- Dataset -
####################

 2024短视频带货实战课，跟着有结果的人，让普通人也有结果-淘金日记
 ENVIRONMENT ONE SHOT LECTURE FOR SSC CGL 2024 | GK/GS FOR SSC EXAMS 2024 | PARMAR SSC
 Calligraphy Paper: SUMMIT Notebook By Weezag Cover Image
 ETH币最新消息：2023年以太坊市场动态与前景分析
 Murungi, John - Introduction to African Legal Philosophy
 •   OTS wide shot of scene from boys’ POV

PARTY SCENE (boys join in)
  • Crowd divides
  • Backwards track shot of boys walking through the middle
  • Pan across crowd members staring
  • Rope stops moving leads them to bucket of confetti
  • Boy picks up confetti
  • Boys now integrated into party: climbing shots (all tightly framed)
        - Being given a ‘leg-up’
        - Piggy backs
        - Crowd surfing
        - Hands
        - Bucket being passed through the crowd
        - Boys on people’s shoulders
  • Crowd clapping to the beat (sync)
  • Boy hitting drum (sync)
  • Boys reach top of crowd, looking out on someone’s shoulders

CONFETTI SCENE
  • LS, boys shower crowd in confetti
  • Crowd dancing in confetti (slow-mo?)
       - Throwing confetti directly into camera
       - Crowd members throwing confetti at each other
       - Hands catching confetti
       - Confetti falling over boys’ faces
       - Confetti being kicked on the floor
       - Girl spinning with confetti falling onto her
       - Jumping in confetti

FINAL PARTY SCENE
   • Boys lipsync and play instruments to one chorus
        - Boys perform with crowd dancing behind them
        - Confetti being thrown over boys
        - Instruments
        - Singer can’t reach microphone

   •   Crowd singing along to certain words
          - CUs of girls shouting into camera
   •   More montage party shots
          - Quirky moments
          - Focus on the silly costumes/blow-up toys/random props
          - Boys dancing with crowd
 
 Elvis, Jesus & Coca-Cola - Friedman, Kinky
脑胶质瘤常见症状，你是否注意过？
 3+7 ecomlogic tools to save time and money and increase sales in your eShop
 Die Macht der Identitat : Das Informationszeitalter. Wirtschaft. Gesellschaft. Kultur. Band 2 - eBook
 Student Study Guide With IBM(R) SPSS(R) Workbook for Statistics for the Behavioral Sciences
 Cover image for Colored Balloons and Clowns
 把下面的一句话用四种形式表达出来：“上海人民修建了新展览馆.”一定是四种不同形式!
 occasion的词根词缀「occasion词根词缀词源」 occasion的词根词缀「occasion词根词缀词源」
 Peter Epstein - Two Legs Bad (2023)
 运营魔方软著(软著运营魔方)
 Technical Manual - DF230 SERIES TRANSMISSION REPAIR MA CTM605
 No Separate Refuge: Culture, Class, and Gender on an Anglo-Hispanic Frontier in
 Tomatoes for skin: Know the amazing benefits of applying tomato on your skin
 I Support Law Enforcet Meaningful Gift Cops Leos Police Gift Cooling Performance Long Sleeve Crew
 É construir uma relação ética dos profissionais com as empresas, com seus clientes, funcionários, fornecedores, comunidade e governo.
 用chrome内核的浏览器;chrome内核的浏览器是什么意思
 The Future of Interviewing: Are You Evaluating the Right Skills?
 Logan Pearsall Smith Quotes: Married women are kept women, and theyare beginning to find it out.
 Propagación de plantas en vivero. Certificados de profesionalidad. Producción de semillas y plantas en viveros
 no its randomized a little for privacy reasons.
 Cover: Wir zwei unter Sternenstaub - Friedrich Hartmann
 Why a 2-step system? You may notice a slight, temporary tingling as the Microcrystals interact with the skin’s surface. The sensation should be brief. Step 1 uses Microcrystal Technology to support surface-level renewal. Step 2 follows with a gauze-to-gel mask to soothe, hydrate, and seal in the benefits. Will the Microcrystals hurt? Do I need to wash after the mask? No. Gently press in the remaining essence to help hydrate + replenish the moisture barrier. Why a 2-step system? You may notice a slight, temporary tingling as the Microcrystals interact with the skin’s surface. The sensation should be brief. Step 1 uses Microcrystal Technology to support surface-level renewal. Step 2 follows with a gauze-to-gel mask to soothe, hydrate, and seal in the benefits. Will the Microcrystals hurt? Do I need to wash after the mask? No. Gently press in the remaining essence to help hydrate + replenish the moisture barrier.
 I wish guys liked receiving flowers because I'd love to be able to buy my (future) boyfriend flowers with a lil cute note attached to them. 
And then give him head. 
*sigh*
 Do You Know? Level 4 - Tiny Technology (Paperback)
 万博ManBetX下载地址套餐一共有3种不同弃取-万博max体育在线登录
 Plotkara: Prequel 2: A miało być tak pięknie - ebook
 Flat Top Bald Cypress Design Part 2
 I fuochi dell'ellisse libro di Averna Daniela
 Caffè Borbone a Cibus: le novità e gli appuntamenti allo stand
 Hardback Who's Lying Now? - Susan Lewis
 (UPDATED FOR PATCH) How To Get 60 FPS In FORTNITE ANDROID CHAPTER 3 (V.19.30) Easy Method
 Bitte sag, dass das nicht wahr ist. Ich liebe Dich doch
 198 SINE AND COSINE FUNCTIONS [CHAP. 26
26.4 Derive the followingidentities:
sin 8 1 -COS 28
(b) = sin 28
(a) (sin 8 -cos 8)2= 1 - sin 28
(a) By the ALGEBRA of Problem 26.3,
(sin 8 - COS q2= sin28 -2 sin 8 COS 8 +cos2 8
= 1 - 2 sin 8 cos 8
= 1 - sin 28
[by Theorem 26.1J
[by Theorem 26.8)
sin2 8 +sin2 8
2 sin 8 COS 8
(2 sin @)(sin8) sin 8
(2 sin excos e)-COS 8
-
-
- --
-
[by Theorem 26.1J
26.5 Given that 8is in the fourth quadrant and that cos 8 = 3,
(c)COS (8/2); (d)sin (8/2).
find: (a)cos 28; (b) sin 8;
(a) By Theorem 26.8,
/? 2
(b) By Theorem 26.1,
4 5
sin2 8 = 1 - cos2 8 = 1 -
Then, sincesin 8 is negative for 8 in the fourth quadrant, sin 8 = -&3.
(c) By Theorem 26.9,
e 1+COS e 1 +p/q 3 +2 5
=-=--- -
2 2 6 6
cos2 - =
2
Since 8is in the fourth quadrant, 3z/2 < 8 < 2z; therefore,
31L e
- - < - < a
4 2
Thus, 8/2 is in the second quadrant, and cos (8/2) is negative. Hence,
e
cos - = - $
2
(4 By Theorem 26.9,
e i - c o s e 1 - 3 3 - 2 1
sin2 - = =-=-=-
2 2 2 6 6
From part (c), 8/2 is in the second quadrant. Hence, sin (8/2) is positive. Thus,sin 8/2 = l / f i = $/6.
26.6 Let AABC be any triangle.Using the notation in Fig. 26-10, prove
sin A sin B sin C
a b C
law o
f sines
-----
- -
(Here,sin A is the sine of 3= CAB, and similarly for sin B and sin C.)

####################

- Problem to solve -
Repeat each of the records exactly as written.

- Exercise output -
 2024短视频带货实战课，跟着有结果的人，让普通人也有结果-淘金日记
 ENVIRONMENT ONE SHOT LECTURE FOR SSC CGL 2024 | GK/GS FOR SSC EXAMS 2024 | PARMAR SSC
 Calligraphy Paper: SUMMIT Notebook By Weezag Cover Image
 ETH币最新消息：2023年以太坊市场动态与前景分析
 Murungi, John - Introduction to African Legal Philosophy
 •   OTS wide shot of scene from boys’ POV

PARTY SCENE (boys join in)
  • Crowd divides
  • Backwards track shot of boys walking through the middle
  • Pan across crowd members staring
  • Rope stops moving leads them to bucket of confetti
  • Boy picks up confetti
  • Boys now integrated into party: climbing shots (all tightly framed)
        - Being given a ‘leg-up’
        - Piggy backs
        - Crowd surfing
        - Hands
        - Bucket being passed through the crowd
        - Boys on people’s shoulders
  • Crowd clapping to the beat (sync)
  • Boy hitting drum (sync)
  • Boys reach top of crowd, looking out on someone’s shoulders

CONFETTI SCENE
  • LS, boys shower crowd in confetti
  • Crowd dancing in confetti (slow-mo?)
       - Throwing confetti directly into camera
       - Crowd members throwing confetti at each other
       - Hands catching confetti
       - Confetti falling over boys’ faces
       - Confetti being kicked on the floor
       - Girl spinning with confetti falling onto her
       - Jumping in confetti

FINAL PARTY SCENE
   • Boys lipsync and play instruments to one chorus
        - Boys perform with crowd dancing behind them
        - Confetti being thrown over boys
        - Instruments
        - Singer can’t reach microphone

   •   Crowd singing along to certain words
          - CUs of girls shouting into camera
   •   More montage party shots
          - Quirky moments
          - Focus on the silly costumes/blow-up toys/random props
          - Boys dancing with crowd
 
 Elvis, Jesus & Coca-Cola - Friedman, Kinky
脑胶质瘤常见症状，你是否注意过？
 3+7 ecomlogic tools to save time and money and increase sales in your eShop
 Die Macht der Identitat : Das Informationszeitalter. Wirtschaft. Gesellschaft. Kultur. Band 2 - eBook
 Student Study Guide With IBM(R) SPSS(R) Workbook for Statistics for the Behavioral Sciences
 Cover image for Colored Balloons and Clowns
 把下面的一句话用四种形式表达出来：“上海人民修建了新展览馆.”一定是四种不同形式!
 occasion的词根词缀「occasion词根词缀词源」 occasion的词根词缀「occasion词根词缀词源」
 Peter Epstein - Two Legs Bad (2023)
 运营魔方软著(软著运营魔方)
 Technical Manual - DF230 SERIES TRANSMISSION REPAIR MA CTM605
 No Separate Refuge: Culture, Class, and Gender on an Anglo-Hispanic Frontier in
 Tomatoes for skin: Know the amazing benefits of applying tomato on your skin
 I Support Law Enforcet Meaningful Gift Cops Leos Police Gift Cooling Performance Long Sleeve Crew
 É construir uma relação ética dos profissionais com as empresas, com seus clientes, funcionários, fornecedores, comunidade e governo.
 用chrome内核的浏览器;chrome内核的浏览器是什么意思
 The Future of Interviewing: Are You Evaluating the Right Skills?
 Logan Pearsall Smith Quotes: Married women are kept women, and theyare beginning to find it out.
 Propagación de plantas en vivero. Certificados de profesionalidad. Producción de semillas y plantas en viveros
 no its randomized a little for privacy reasons.
 Cover: Wir zwei unter Sternenstaub - Friedrich Hartmann
 Why a 2-step system? You may notice a slight, temporary tingling as the Microcrystals interact with the skin’s surface. The sensation should be brief. Step 1 uses Microcrystal Technology to support surface-level renewal. Step 2 follows with a gauze-to-gel mask to soothe, hydrate, and seal in the benefits. Will the Microcrystals hurt? Do I need to wash after the mask? No. Gently press in the remaining essence to help hydrate + replenish the moisture barrier. Why a 2-step system? You may notice a slight, temporary tingling as the Microcrystals interact with the skin’s surface. The sensation should be brief. Step 1 uses Microcrystal Technology to support surface-level renewal. Step 2 follows with a gauze-to-gel mask to soothe, hydrate, and seal in the benefits. Will the Microcrystals hurt? Do I need to wash after the mask? No. Gently press in the remaining essence to help hydrate + replenish the moisture barrier.
 I wish guys liked receiving flowers because I'd love to be able to buy my (future) boyfriend flowers with a lil cute note attached to them. 
And then give him head. 
*sigh*
 Do You Know? Level 4 - Tiny Technology (Paperback)
 万博ManBetX下载地址套餐一共有3种不同弃取-万博max体育在线登录
 Plotkara: Prequel 2: A miało być tak pięknie - ebook
 Flat Top Bald Cypress Design Part 2
 I fuochi dell'ellisse libro di Averna Daniela
 Caffè Borbone a Cibus: le novità e gli appuntamenti allo stand
 Hardback Who's Lying Now? - Susan Lewis
 (UPDATED FOR PATCH) How To Get 60 FPS In FORTNITE ANDROID CHAPTER 3 (V.19.30) Easy Method
 Bitte sag, dass das nicht wahr ist. Ich liebe Dich doch
 198 SINE AND COSINE FUNCTIONS [CHAP. 26
26.4 Derive the followingidentities:
sin 8 1 -COS 28
(b) = sin 28
(a) (sin 8 -cos 8)2= 1 - sin 28
(a) By the ALGEBRA of Problem 26.3,
(sin 8 - COS q2= sin28 -2 sin 8 COS 8 +cos2 8
= 1 - 2 sin 8 cos 8
= 1 - sin 28
[by Theorem 26.1J
[by Theorem 26.8)
sin2 8 +sin2 8
2 sin 8 COS 8
(2 sin @)(sin8) sin 8
(2 sin excos e)-COS 8
-
-
- --
-
[by Theorem 26.1J
26.5 Given that 8is in the fourth quadrant and that cos 8 = 3,
(c)COS (8/2); (d)sin (8/2).
find: (a)cos 28; (b) sin 8;
(a) By Theorem 26.8,
/? 2
(b) By Theorem 26.1,
4 5
sin2 8 = 1 - cos2 8 = 1 -
Then, sincesin 8 is negative for 8 in the fourth quadrant, sin 8 = -&3.
(c) By Theorem 26.9,
e 1+COS e 1 +p/q 3 +2 5
=-=--- -
2 2 6 6
cos2 - =
2
Since 8is in the fourth quadrant, 3z/2 < 8 < 2z; therefore,
31L e
- - < - < a
4 2
Thus, 8/2 is in the second quadrant, and cos (8/2) is negative. Hence,
e
cos - = - $
2
(4 By Theorem 26.9,
e i - c o s e 1 - 3 3 - 2 1
sin2 - = =-=-=-
2 2 2 6 6
From part (c), 8/2 is in the second quadrant. Hence, sin (8/2) is positive. Thus,sin 8/2 = l / f i = $/6.
26.6 Let AABC be any triangle.Using the notation in Fig. 26-10, prove
sin A sin B sin C
a b C
law o
f sines
-----
- -
(Here,sin A is the sine of 3= CAB, and similarly for sin B and sin C.)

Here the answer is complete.